The employment market is increasingly competitive, robots are taking away our jobs, and getting ahead seems to take more hustle than ever before. But grinding out more and more hours of work is a recipe for catastrophic burnout. How can we work at our best, long-term, without exhausting ourselves? A new book — Peak Performance — claims to offer the recipe for success. Authors Steve Magness, a coach of top runners, and Brad Stulberg, who writes about the science of human performance (for Science of Us and elsewhere), lay out a number of principles they say are applicable across endeavors, whether you’re trying to run a four-minute mile or get a promotion at work.
A central idea is reconsidering the role of rest as a key part of top performance. You don’t get better at your job simply by pushing harder and harder, they say. You get better by taking on appropriate challenges and pairing them with smart rest periods throughout the day and the year. Resting well, they argue, is part of the work.

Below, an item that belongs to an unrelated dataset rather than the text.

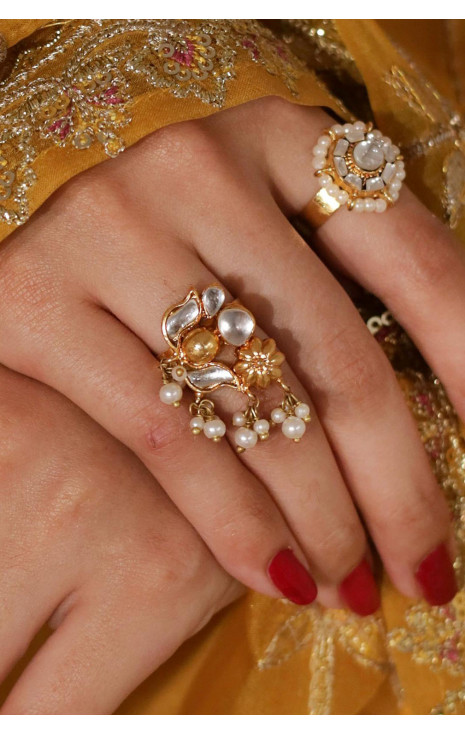 Waniya (Ring)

In an interview with Science of Us, Stulberg and Magness talked about dialing in the right amount of stress and rest, tapping into a bigger sense of purpose, and why taking a hike with friends is just about the best thing you can do for yourself.
The biggest part of your book is devoted to exploring this equation — stress + rest = growth — taken from athletics, that you then apply to other areas of life. Can you just briefly explain what this equation expresses?
Magness: Most people think to get better at anything — whether that’s athletics or intellectual learning or whatever — you just need to work really hard. And what that equation demonstrates is the need for balance. Not only do I have to do really hard, deliberate work, but I don’t get growth or adaptation or learning unless I have the other part of it, which is rest, recovery, stepping back and allowing that work to absorb so that I can improve on whatever it is I’m doing.
So let’s take the first part of the equation: stress. Where do people go wrong when they think about stress and how to relate to it?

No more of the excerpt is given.